This was a technical interview assignment. In the Eight Queens Puzzle you put eight queens on a chessboard, all in safe positions. It's usually solved with a recursive algorithm but I don't know recursive programming so I wrote a JavaScript program that places seven queens on the board, and another JavaScript program that places eight rooks on the board.
First I wrote 8_Rooks.js:
R - - - - - - -
- R - - - - - -
- - R - - - - -
- - - R - - - -
- - - - R - - -
- - - - - R - -
- - - - - - R -
- - - - - - - R
Then I added diagonals and got 5_Queens.js:
Q - - - - - - -
- - - Q - - - -
- Q - - - - - -
- - - - Q - - -
- - Q - - - - -
- - - - - - - -
- - - - - - - -
- - - - - - - -
By commenting out lines 326-332 I got 7_Queens.js:
Q - - - - - - -
- - - - Q - - -
- Q - - - - - -
- - - - - Q - -
- - Q - - - - -
- - - - - - Q -
- - - Q - - - -
- - - - - - - -
I wrote a blog post last year about writing nested loops by first writing out the code without loops, then abstracting one loop, and finally abstracting the 2nd loop. It's slow and tedious at first but saves time (and mental strain) debugging nested loops.
I started with 1_Rook.js, which uses a one-dimensional array to represent one row of the chessboard, and uses a for loop in a forEach loop to place one rook in the first square.
Next I wrote 8_Rooks_1stLoop.js with a two-dimensional array representing the entire chessboard, a forEach loop iterating through each row, and eight single for loops nested in the forEach loop,
each iterating through the squares of each row placing one rook correctly in each row.
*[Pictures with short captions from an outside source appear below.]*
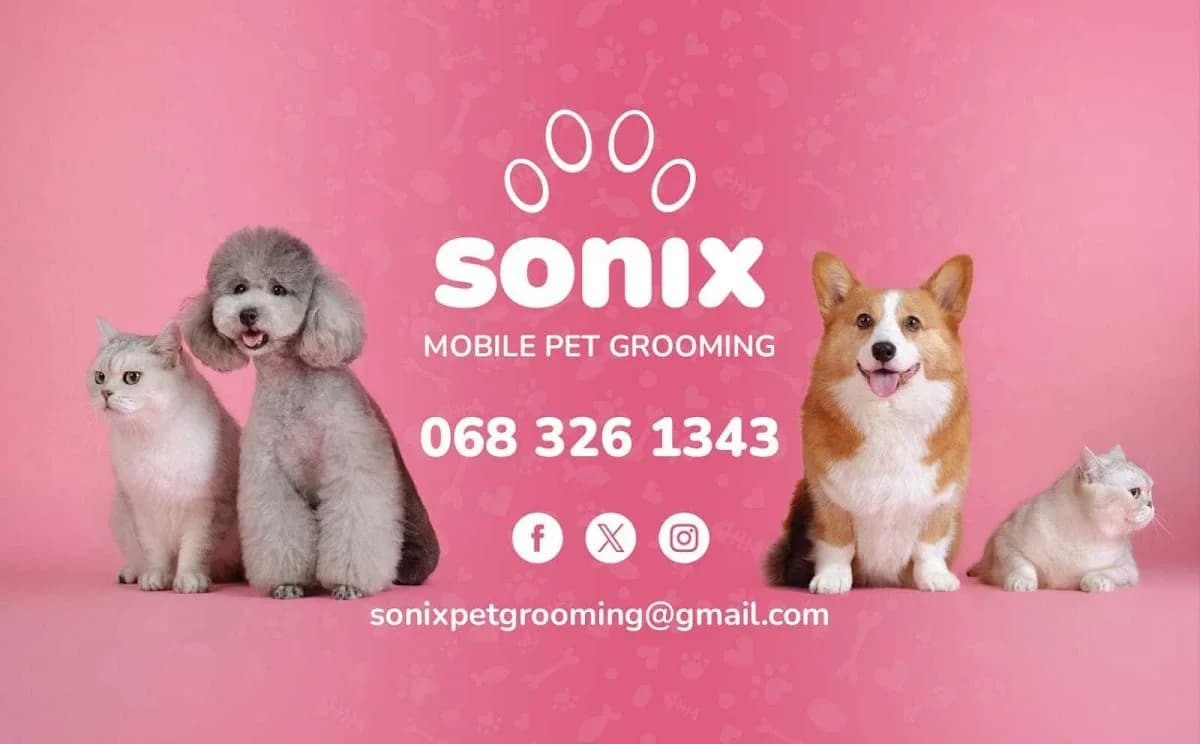 Sonix Pet Grooming in Techno Park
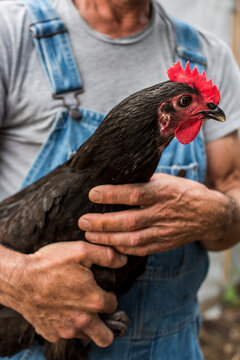 Urban farmer holding a Rhode island Red chicken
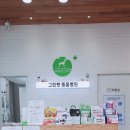 그린펫동물병원 이미지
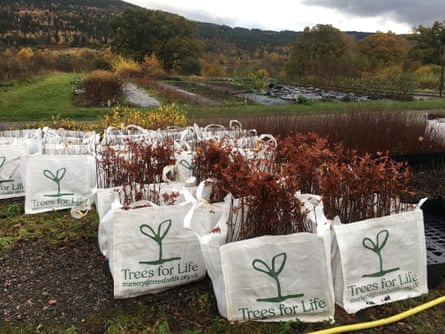Trees for Life Estate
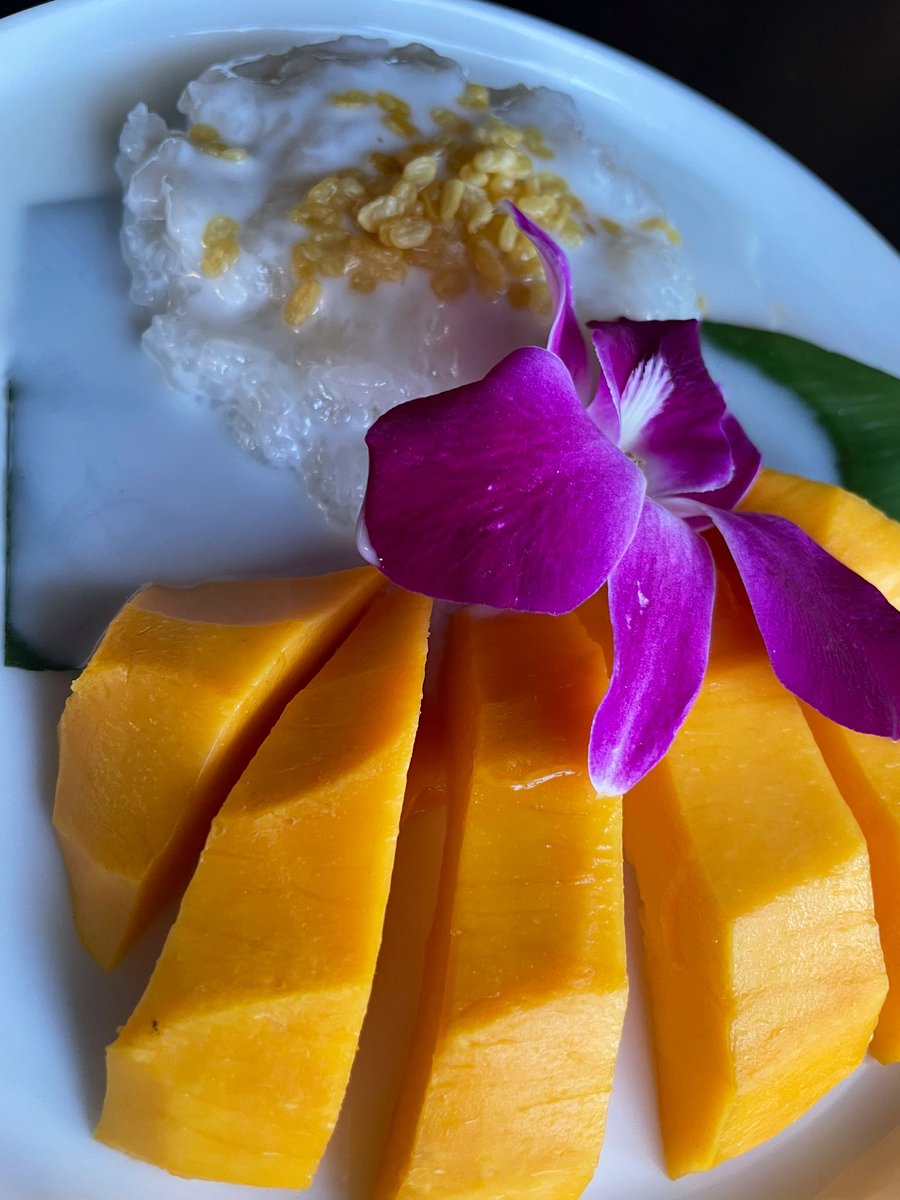 eatinglasvegas's tweet photo. If ever they give a Nobel Prize for dessert deliciousness, it would be hard to deny Mango Sticky Rice as the  first winner. 🇹🇭🥭🍚😋
#Lamoon #SpringMountainRoad
@EatTalkRepeat https://t.co/Hd5ylalR8E
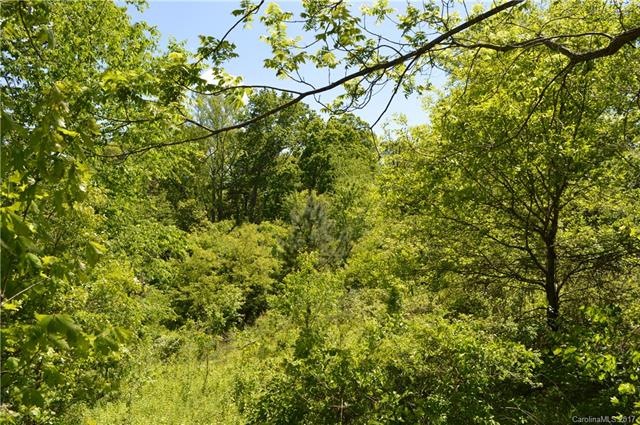 999 Retta Ln, Leicester, NC 28748 - photo 1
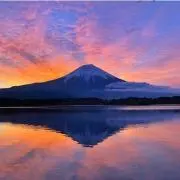 チキンの画像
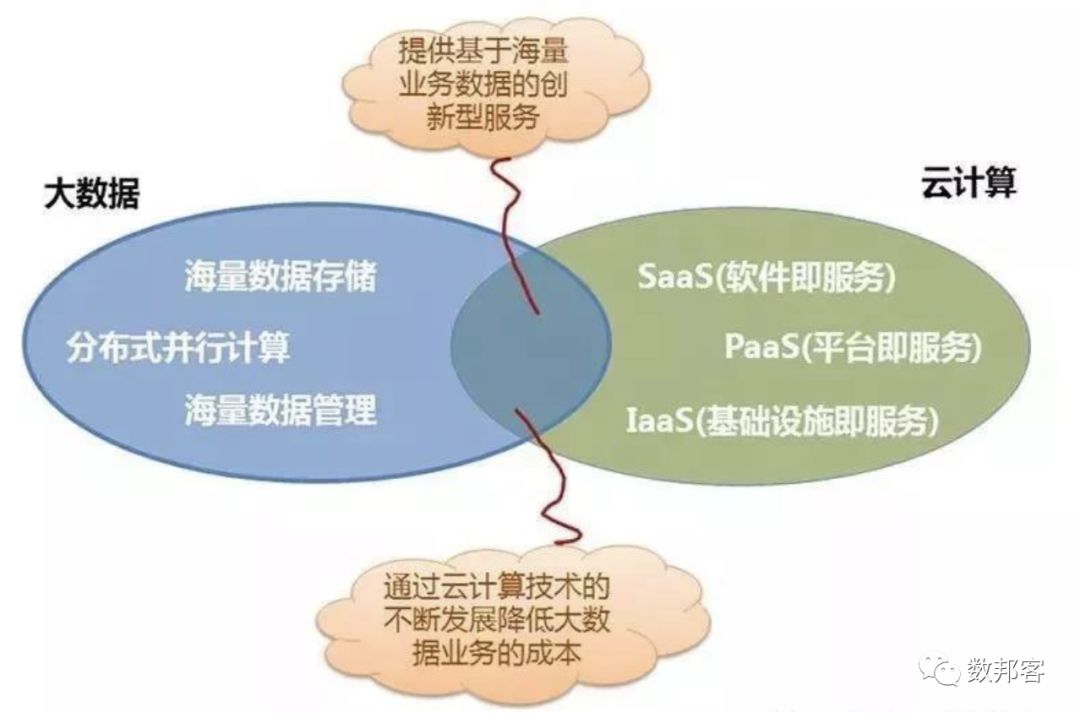 羽绒服与仿生技术，深入解析其关联与差异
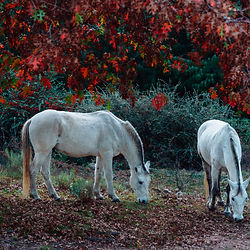 Constellations avec les chevaux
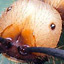 Amazing Ants Game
Finally I abstracted the eight singles for loops into a single third-level (nested) for loop in 8_Rooks_2ndLoop.js. The third loop iterates through each square in a column.
8_Rooks.js(no loops) is 496 lines.8_Rooks_1stLoop.js(eight single loops nested in a forEach loop) is 91 lines.8_Rooks_2ndLoop.js(triple nested loops) is 26 lines.
As much as I enjoy programming challenges like this, in my experience JavaScript is more about connecting resources, e.g., getting Node's app.js to talk to the express.Router module while each route uses the Mongoose Node module to query the MongoDB database and then sends the data as a JSON object to the API so that the Angular front-end can receive the data, then setting up two-way data binding so that Angular can display
the data in the views, which are controlled by Angular's router, etc. Most projects have a dozen or more components. The challenges are choosing components that will work well together and getting them to talk to each other. Five months after graduation my classmates are still slacking each other asking which components work best with other components.
For my Galvanize capstone project I hooked up WebRTC video conferencing with a cloud database (Firebase) to give Angular five-way data binding (two users each with two-way data binding connected via AngularFire cloud data binding). You can go to the website, see a list of players waiting for a game, click a name and open a video conference window, then play a tic-tac-toe game with the other user. The code isn't pretty and it's just a tic-tac-toe game but our Director of Instruction told me that his jaw dropped when I demo'd it at our Hiring Day.
To make an analogy, in the years that I was an electronics engineer I used little of the math I learned in college, and instead studied telephone-book sized catalogs from distributors to see what parts were available, then figured out how to put the pieces together.
If you're looking for a coder who can recursively write triple nested loops to iterate over two-dimensional arrays, last summer I AirBnB hosted two wonderfully nice MIT students interning at Google. If you need someone to figure out how to hook up stuff no one has ever put together to make apps that solve customers' problems, that's what Galvanize graduates do.